Data extracted from a collection
::::

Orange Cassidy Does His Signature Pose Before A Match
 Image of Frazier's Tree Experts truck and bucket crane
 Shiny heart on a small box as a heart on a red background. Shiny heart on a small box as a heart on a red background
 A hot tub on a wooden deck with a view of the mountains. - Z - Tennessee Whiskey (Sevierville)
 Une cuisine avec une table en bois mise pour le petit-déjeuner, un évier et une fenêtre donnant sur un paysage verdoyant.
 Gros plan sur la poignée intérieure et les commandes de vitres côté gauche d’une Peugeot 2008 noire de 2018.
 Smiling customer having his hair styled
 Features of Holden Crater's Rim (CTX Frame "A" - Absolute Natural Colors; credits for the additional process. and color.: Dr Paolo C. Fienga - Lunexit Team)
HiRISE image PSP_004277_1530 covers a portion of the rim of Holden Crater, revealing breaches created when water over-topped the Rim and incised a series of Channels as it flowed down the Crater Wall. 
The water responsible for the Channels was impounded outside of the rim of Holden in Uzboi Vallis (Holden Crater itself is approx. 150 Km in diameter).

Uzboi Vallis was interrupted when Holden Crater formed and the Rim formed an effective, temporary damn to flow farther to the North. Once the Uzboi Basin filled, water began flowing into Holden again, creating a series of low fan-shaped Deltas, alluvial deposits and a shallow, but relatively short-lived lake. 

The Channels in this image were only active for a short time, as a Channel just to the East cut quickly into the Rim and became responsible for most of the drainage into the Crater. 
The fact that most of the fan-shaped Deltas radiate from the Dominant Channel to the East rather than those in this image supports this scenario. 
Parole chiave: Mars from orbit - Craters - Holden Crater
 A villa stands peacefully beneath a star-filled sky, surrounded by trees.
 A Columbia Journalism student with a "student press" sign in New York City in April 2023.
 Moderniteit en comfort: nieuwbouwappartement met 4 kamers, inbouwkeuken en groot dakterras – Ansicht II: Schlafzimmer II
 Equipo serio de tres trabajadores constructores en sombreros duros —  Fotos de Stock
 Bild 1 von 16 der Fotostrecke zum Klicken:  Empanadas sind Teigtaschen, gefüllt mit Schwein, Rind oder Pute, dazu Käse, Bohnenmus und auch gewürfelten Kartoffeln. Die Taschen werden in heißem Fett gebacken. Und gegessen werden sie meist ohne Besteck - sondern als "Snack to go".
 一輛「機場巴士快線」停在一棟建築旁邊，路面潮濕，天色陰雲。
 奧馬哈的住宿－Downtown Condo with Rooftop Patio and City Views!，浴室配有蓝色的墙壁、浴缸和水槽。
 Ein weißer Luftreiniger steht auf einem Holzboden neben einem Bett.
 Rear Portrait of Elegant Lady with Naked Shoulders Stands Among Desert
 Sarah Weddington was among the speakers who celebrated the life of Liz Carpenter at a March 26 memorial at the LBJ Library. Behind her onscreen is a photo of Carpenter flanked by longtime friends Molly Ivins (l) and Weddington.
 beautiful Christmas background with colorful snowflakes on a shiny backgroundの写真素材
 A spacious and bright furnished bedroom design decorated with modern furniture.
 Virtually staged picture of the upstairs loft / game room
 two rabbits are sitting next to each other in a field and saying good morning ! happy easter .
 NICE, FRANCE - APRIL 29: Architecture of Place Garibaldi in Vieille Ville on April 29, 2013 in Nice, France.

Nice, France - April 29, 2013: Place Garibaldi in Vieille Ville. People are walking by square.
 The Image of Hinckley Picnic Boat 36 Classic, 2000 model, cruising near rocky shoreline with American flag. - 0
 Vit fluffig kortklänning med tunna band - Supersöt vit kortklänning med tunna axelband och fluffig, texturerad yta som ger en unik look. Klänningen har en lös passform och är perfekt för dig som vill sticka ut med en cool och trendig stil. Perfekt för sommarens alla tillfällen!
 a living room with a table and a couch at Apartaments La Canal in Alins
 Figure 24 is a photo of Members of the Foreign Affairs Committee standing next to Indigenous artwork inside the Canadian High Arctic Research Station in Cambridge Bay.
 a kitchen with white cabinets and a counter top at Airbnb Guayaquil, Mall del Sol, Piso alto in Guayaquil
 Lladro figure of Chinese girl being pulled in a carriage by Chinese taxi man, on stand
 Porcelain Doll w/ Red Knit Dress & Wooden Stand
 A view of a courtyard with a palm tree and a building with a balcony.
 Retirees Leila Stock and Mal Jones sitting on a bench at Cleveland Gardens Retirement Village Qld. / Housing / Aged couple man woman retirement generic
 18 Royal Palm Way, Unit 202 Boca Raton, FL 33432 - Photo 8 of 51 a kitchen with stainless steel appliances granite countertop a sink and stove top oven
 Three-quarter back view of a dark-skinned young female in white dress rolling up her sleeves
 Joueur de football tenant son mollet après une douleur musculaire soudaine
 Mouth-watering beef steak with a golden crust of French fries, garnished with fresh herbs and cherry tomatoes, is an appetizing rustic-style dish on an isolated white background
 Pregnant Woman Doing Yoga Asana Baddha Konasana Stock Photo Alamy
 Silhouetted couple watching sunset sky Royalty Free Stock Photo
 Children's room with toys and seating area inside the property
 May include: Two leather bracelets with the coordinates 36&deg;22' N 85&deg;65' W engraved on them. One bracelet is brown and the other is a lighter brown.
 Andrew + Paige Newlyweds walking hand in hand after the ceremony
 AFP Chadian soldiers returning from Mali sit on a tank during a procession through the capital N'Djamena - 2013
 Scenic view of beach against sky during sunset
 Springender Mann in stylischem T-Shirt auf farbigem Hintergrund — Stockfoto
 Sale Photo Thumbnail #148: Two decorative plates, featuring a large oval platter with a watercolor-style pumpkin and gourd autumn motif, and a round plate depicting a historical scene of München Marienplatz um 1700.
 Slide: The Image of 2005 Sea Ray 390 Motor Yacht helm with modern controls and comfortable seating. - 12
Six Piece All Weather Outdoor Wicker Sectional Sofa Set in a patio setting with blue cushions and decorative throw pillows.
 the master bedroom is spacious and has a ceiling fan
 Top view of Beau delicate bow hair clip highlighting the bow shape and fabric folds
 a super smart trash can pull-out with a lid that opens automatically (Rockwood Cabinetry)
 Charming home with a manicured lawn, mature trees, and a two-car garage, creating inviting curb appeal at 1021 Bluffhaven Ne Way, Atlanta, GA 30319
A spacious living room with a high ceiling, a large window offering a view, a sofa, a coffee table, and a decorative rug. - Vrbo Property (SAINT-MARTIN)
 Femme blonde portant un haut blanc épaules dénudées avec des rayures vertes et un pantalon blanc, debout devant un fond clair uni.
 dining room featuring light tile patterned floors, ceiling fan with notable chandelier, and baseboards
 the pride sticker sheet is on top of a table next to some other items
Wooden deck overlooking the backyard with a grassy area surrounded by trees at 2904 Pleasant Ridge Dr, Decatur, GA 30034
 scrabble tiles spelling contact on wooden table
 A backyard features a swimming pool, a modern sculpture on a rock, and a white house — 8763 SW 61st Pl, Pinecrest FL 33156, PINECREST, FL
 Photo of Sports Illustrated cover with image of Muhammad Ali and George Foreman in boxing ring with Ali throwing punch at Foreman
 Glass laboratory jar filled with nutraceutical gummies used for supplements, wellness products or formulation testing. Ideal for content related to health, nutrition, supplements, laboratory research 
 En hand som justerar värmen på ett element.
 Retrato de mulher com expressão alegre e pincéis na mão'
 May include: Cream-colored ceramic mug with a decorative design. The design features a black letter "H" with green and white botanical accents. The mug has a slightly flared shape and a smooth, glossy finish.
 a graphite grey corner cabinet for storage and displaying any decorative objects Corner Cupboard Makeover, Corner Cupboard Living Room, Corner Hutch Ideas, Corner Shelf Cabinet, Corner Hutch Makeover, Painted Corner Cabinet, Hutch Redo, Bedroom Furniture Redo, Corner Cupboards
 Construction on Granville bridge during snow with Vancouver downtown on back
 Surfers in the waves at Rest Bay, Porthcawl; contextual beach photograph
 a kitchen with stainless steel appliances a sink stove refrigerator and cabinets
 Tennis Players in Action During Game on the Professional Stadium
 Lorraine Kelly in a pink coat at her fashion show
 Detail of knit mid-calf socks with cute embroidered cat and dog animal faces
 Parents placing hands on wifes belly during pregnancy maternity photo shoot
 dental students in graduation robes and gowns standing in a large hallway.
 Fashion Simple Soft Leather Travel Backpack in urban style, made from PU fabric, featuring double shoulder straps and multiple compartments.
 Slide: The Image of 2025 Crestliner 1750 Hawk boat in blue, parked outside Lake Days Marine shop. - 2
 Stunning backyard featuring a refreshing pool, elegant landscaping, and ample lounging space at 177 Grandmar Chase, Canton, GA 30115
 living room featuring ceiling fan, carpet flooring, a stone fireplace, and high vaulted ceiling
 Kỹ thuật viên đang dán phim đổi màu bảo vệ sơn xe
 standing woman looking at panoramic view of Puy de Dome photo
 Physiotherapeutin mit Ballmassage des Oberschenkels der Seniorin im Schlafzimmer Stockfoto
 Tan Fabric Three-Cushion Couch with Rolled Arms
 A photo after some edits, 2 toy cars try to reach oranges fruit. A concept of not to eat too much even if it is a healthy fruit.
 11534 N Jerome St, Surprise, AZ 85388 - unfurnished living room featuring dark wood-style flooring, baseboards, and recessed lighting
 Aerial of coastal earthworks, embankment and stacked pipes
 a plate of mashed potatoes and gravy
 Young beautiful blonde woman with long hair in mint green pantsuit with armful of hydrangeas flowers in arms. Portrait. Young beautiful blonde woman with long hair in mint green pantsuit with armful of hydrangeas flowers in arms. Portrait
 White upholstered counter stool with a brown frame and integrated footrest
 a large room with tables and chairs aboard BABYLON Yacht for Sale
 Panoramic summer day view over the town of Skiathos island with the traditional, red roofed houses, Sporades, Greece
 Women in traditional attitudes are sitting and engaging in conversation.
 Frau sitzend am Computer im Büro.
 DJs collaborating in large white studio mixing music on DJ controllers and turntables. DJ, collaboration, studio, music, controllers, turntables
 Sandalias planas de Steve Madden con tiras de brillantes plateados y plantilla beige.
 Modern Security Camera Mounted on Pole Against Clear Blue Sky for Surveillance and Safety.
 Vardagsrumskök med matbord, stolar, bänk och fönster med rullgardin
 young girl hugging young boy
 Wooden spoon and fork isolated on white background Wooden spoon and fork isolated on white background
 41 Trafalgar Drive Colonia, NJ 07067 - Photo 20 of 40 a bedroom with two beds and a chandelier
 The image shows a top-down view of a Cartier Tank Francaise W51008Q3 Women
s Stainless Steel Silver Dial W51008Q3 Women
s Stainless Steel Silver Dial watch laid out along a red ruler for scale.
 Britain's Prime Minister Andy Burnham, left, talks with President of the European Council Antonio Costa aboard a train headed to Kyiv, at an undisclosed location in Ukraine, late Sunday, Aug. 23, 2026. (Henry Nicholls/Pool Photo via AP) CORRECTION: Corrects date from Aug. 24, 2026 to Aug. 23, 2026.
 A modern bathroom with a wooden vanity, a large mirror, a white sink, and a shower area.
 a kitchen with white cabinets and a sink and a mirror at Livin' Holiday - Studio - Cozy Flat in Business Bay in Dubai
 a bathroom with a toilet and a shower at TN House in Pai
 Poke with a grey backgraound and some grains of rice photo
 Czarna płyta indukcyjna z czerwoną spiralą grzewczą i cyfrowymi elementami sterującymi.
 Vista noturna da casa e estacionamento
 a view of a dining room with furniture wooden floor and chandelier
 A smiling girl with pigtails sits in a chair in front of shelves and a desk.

::::

Within the entries, find all lines that contain "flooring" and copy each one.

**Solution to this problem**
 living room featuring ceiling fan, carpet flooring, a stone fireplace, and high vaulted ceiling
 11534 N Jerome St, Surprise, AZ 85388 - unfurnished living room featuring dark wood-style flooring, baseboards, and recessed lighting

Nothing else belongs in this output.